Fine or Jail Term Ordered To Make Bootleg Buyer Talk
Reveal Rum Source or Else, is New Rule of Police Court
2 Wilkie Nabbed Are Among First 'Victims'

Unless they tell where they bought it, drinkers of bootleg liquor arrested by Camden police henceforth will receive the full penalty of $200 fine or 90 days in jail, Police Judge Lewis Liberman decided yesterday.

The new policy of getting to the bootleg seller through the bootleg drinker was announced by Judge Liberman when he imposed maximum sentences on two men arrested by Acting Detective John V. Wilkie at Eighth and Cooper streets last night.

The men were Albert Waite, 29, of 916 Pearl street, and John Barrett, 34, of 237 North Eighth street. In the latter's pocket, Wilkie said he found a half pint of "white mule."

Barrett refused to tell Wilkie where he brought it, so in a pre-hearing conference with Judge Liberman and Court Clerk Edward Smith, it was decided to give Waite and Barrett, originally arrested as just drunk and disorderly, a trial on the more serious charge of possessing illicit liquor. If Barrett gets a change of heart and names the seller, his sentence later will be suspended, said the judge.

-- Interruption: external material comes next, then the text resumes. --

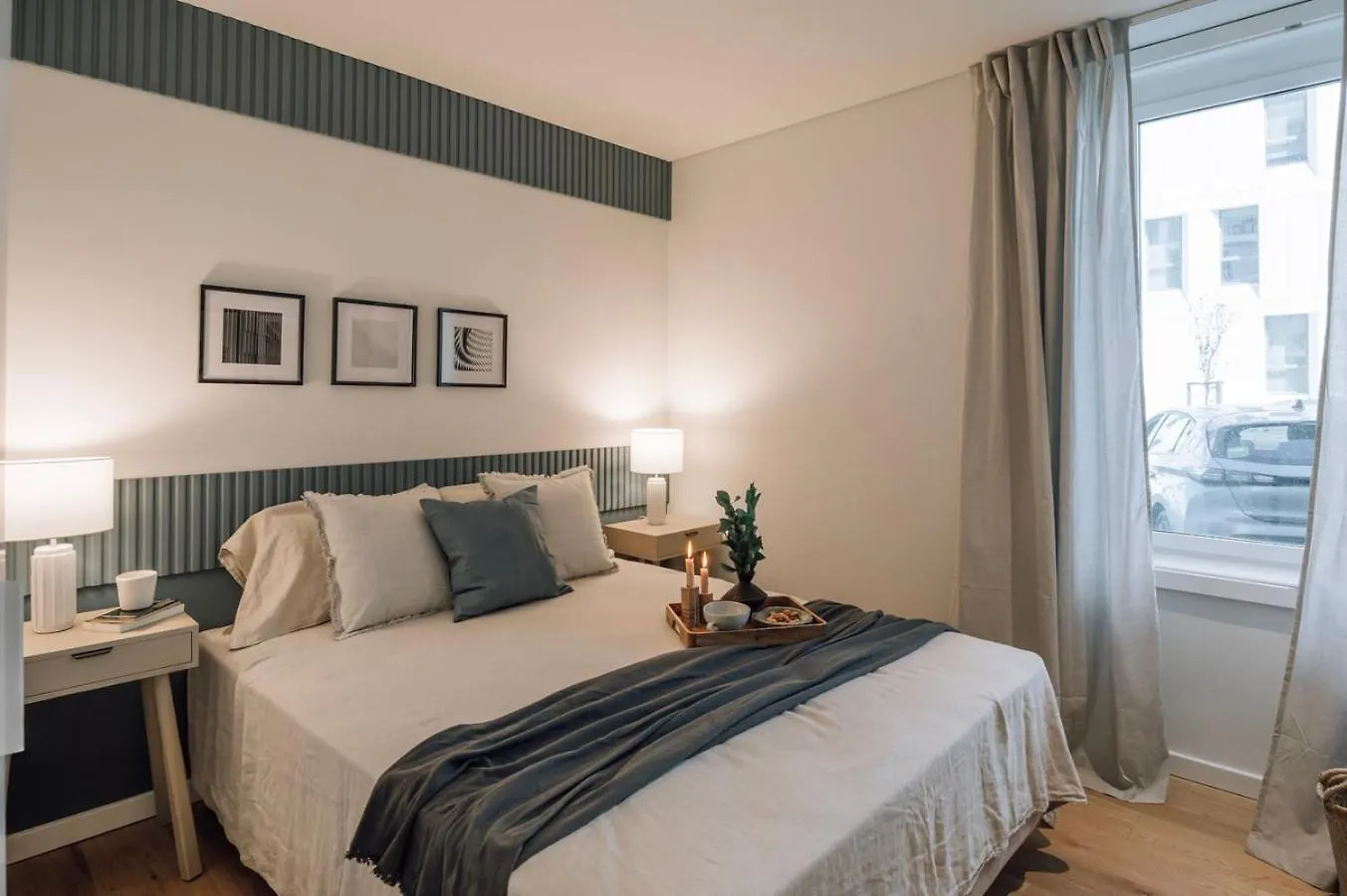 Gale - 1 Bedroom And Pool In Areeiro Lisboa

"This is a fine idea to make the purchasers of illegal whiskey tell where they got the stuff," said the judge. "There will be mighty few willing to pay $200 or spend three months in jail rather than tell on a speakeasy. 

Camden Courier-Post - February 17, 1936

Ex-Marine Was in City Hall Basement Aiding Pals on Bonus Data 

A former U. S. marine who spent a week in the basement of city hall helping veterans make out their bonus applications while police searched throughout the city for him, was arrested by Acting Detective John V. Wilkie Saturday night.

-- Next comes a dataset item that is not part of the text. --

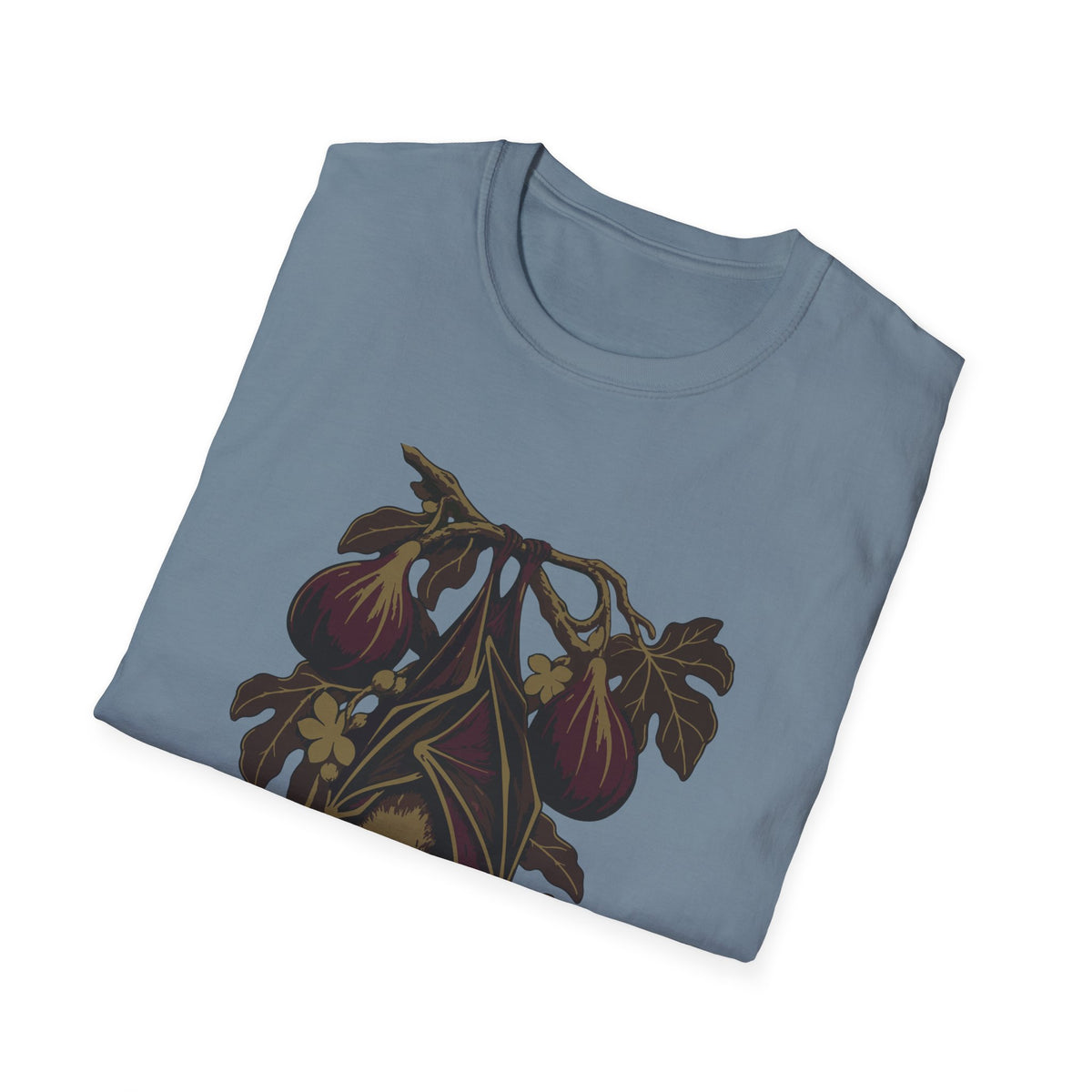 Fruit Bat and Figs Tee – Everyday Softstyle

Edwin W. Eddington, 26, who said he has no home, was held without bail for the grand jury by Police Judge Lewis Liberman on two charges of larceny. A warrant for his arrest was issued on complaint of Joseph Cohen, of 1406 Broadway, three weeks ago, after Cohen told police he stole electric wire and tools valued at $54.75.

The warrant was given to Wilkie and he immediately began a search for Eddington. He visited several former homes and a number of tap-rooms where Eddington was known to spend some of his time, but he evaded arrest each time.

On Saturday night Wilkie was approached by Harry Taylor, of 567 Mickle Street, a retired U. S. Navy machinist, who told the officer that a man named Eddington had stolen a suit of clothes and some other wearing apparel from his room. He said Eddington occupied an adjoining room.

"Why, I've been looking for that fellow for nearly two weeks," Wilkie said. "Where is he now?"

"I don't know where he is now, but all last week he was in the basement of city hall from 9 a. m. to 4 p. m. helping veterans make out their bonus applications,"

Taylor said. "You might try the Naval Veterans' clubrooms at 304 State Street." Wilkie explained he works from 7 p. m. to 3 a. m. Wilkie immediately went to the State Street address, and while he stayed in the car, Taylor went inside.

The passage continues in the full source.